Aug 3, 2009

India-ASEAN Free Trade Agreement -- Finding Where It Hurts

The UPA-2 government is trying to pacify the agitated voices in Kerala over the Indo-ASEAN Free Trade Agreement. In the recent days we have seen aa concerted campaign in the media by the Congress party which is trying to convince the Kerala electorate about how 'useful' the FTA would be for the Kerala farmers in particular and the Kerala economy in general.

A number of newsreports and editorials have appeared in the newspapers telling us about the advantages of the India-ASEAN FTA. My colleague Bhaskar Goswami has been very keenly following the regional trade agreements, and thinks otherwise. He has answered some of the frequently asked questions or should I say he clears the mist over the some of the misconceptions that are being deliberately created.

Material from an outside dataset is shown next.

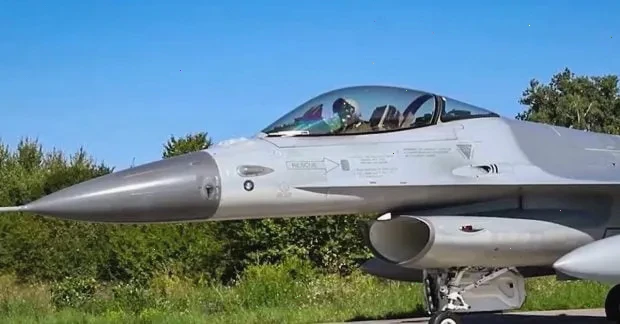 пілоти F-16 – детальна інформація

Q: The main objective of the agreement is to "gain markets for newer products instead of the lost traditional markets". Which were the lost traditional markets we had in the ASEAN and how will India / Kerala gain in terms of new products and markets in the ASEAN ? What are the estimates and what is the reality as of now ?

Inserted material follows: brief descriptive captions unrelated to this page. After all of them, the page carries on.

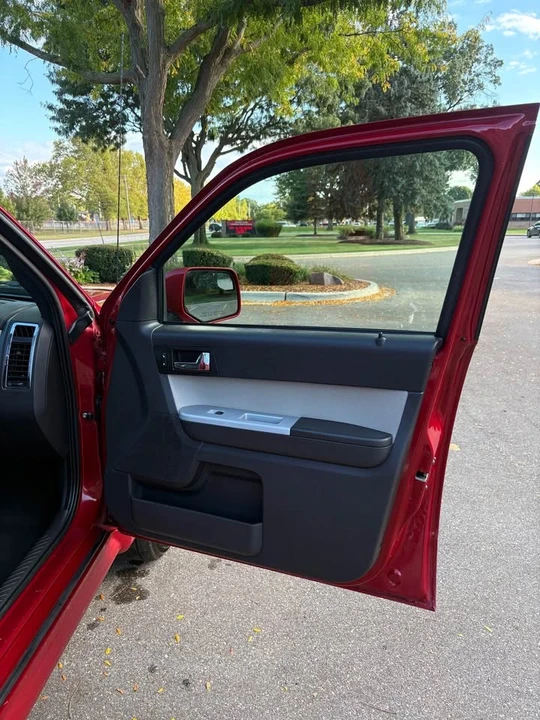 2011 Mercury Mariner - Image 15 of 16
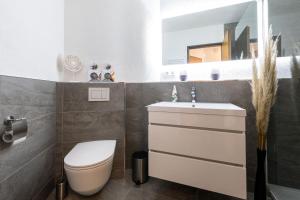 Ferienwohnpark Immenstaad am Bodensee Ein-Zimmer-Apartment 49 10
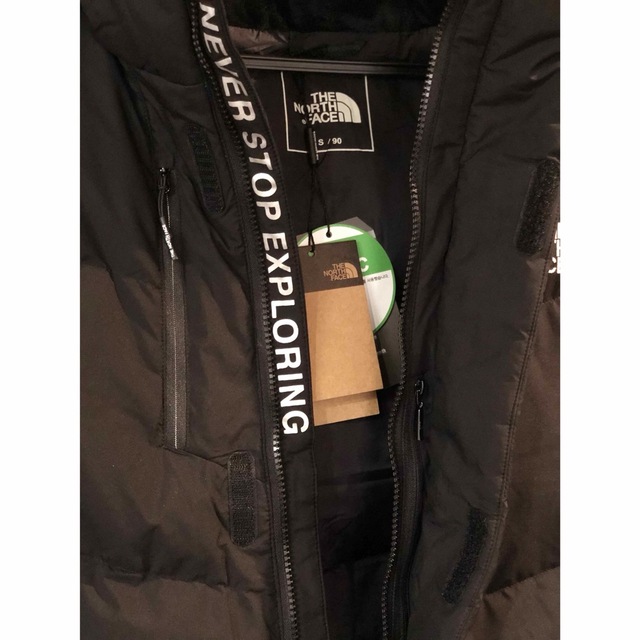 THE NORTH FACE(ザノースフェイス)の【a＿a様専用】ブラック　チャレンジエア　ビレイヤー メンズのジャケット/アウター(ダウンジャケット)の商品写真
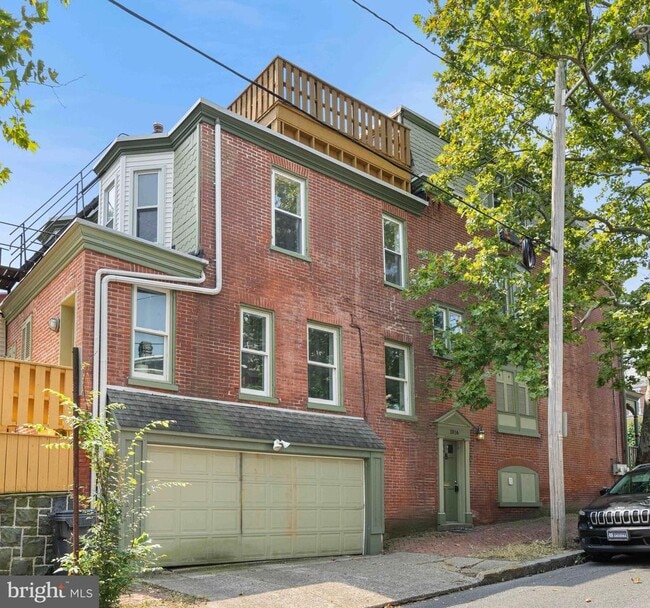 Building Photo - 1016 Kirk Ave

Regarding traditional markets, India has been out-competed on spices and beverages (tea, coffee) by Vietnam and Indonesia. On gains, India has a negligible stake of 1 percent in ASEAN trade, and ASEAN countries already have very low import tariffs. Therefore India does not gain much from further tariff reductions by ASEAN members. The gains from trade creation are therefore limited while losses due to huge tariff cuts by India will outweigh these limited gains.

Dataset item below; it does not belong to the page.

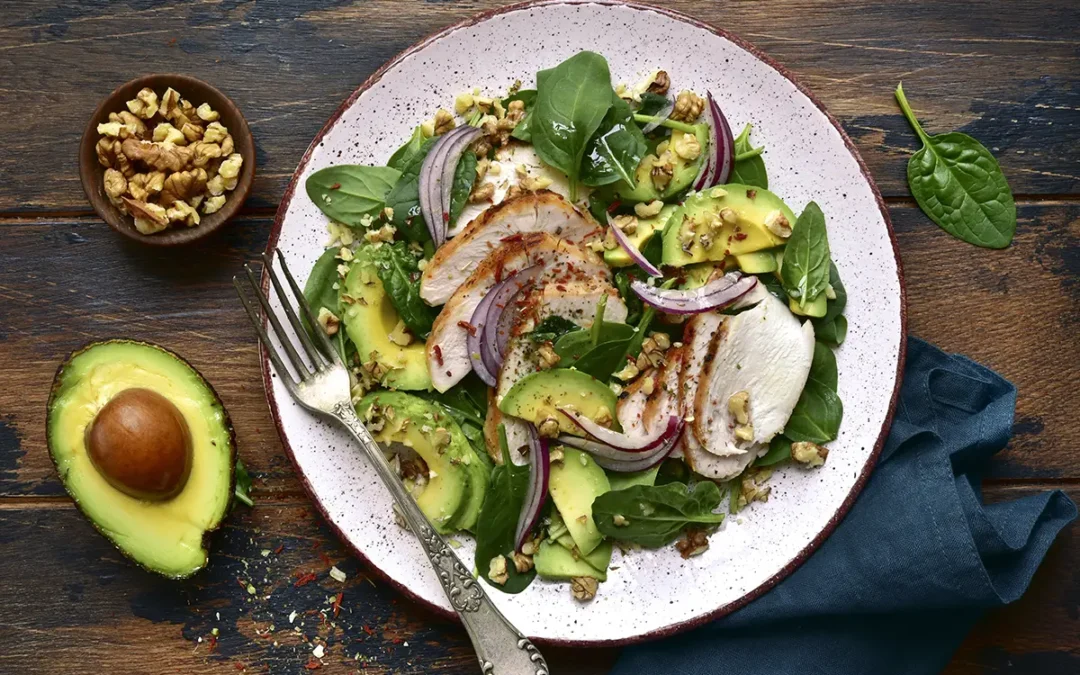 Spinach Salad with Chicken, Avocado and Walnuts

The present agreement on goods (including agricultural goods) is a red herring. The real gains that India will make will be from the upcoming agreement on services and investments. In order to get a favourable deal on this front concessions are being made on goods.

Q: As the discussions in the ASEAN progressed, trade also increased. In 2000-01, trade was worth 6.93 billion dollars, in 2007-08 it jumped to 39.04 billion dollars. When the agreement is materialsed, this will increase manifold. Can you clarify please? Can you tell how much of this trade did India actually gain in? And what is the scope of Indian exports gaining in future? On what products and which sectors gain and whose loss?

No doubt trade has increased. So has India's trade deficit (i.e. imports exceeding exports) with the ASEAN members. In 2001, the trade deficit was $3.5 bn which rose to $14.5 bn in 2007. In fact, 15% of overall trade deficit of India is on account of trade with ASEAN members. Between 2005-06 and 2006-07 India's exports to ASEAN grew at 20.67% while imports grew at 66%. This, when India has much higher tariff rates that ASEAN. Can anyone explain how will reducing import duties drastically by India with very marginal duty reduction by ASEAN help India's cause? How will India gain access in ASEAN markets for agriculture products when already there are major agri-exporters among Vietnam, Indinesia, Malaysia and Thailand?

In manufacturing, applied tariffs are much lower than agri tariffs in ASEAN and India will find it tough to compete. ASEAN countries are the world's lead exporters of light manufacturing products which India can never hope to displace. Plus, factor in China - it already has a head-start over India as it has an existing FTA with ASEAN. The Rules of Origin (ROO) have been diluted to 35%. This means that ASEAN members can add 35% value to products imported from non-ASEAN countries and sell it in India. On the other hand, India's FTAs with ASEAN members like Thailand and Singapore have ROO pegged at 40%. In fact, even the China-ASEAN FTA has a 40% ROO standard. Why did India agree to dilute its ROO norms? There are innumerable semi-processed products from China that may undergo 35% processing in ASEAN countries and be eligible to be traded in India.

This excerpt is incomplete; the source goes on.